Edwards’ syndrome is a genetic disease and is also known as Trisomy 18. In this, an affected person has a third copy of substances from chromosome 18, in place of the usual 2 copies. This disorder is 3 times more common in females than males. The syndrome occurs due to the presence of additional substance in chromosome 18, which obstructs with the usual development.
Edwards’ syndrome is a chromosomal anomaly identified by the occurrence of an additional copy of inherited substance on the chromosome 18, sometimes in parts and at times in whole. Generally, the occurrence of extra chromosome happens prior to conception. The results of the additional copies can differ immensely. The severity of adverse effects and symptoms depend on the family history of the condition, chance, and the level/amount of the additional chromosomal materials.
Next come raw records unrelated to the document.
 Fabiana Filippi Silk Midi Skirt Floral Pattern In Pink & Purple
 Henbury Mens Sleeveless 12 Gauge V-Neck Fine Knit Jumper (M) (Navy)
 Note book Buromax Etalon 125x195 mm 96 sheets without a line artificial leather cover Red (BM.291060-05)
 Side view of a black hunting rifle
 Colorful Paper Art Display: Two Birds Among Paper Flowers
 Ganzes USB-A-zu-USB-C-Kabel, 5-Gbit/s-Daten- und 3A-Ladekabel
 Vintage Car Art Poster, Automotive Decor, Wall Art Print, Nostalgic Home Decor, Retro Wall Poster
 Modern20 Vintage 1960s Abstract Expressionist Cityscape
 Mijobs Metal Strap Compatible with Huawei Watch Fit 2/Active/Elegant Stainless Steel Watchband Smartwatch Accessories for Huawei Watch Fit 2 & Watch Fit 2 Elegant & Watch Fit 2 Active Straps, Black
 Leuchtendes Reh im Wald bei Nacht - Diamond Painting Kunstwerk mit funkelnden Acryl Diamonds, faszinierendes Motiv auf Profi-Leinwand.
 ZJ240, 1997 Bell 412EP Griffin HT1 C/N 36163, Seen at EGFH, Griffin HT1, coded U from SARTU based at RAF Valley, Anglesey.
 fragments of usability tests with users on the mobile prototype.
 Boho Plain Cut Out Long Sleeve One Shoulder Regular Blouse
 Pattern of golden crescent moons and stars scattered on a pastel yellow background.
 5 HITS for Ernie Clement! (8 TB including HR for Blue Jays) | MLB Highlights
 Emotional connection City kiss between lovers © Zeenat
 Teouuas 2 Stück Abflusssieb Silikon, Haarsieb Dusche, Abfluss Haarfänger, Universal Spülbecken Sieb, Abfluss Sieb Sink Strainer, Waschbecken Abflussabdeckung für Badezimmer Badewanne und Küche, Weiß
A good egg is made of individual chromosomes, each one of which contribute to the twenty-three pairs of chromosomes required to develop a cell with forty-six chromosomes. The process of egg development can lead to formation of an additional chromosome, increasing its number from twenty-three to twenty-four. Insemination by sperm or fertilization of eggs that has an additional chromosome causes trisomy, which means 3 prints of a chromosome instead of 2.
A meiotic nondisjunction event causes this syndrome. With nondisjunction, an egg cell or a sperm cell is created with an additional copy of chromosome 18. The resultant egg cell or sperm cell therefore has twenty-four chromosomes. When joined with a normal sperm cell or egg cell from the other parent, the embryo gets forty-seven chromosomes, with 3 prints of chromosome 18.
Mild cases of Edwards’ syndrome may also occur when only few of the cells in the body have an additional copy of chromosome 18. This condition is referred to as mosaic Edwards’ syndrome.
Sometimes, a part of chromosome 18 becomes translocated before or after conception. Thus, an affected person has 2 copies of chromosome 18, as well as additional substance from chromosome 18 attached to another chromosome. Due to this, an affected individual suffers from partial trisomy of chromosome 18, and the defects are usually less severe in comparison to full blown Edwards’ syndrome. It is a rare form of Trisomy 18.
In a majority of cases, all the cells in an affected body has additional chromosome 18. In about 5 per cent of those with this syndrome, only a few cells in their body are influenced by the additional chromosome, which is called as ‘mosaic trisomy 18’. The seriousness of the disorder depends on the number of cells influenced by the additional chromosome 18.
Edwards’ syndrome occurs by chance during the egg development process, which is known as nondisjunction. It results in development of copies of chromosome 18, causing formation of additional chromosomes. The cause of accompanying defects due to presence of extra chromosomal material is not known. Still, specialists feel that it obstructs in the interaction of different genes, thereby leading to mutilations.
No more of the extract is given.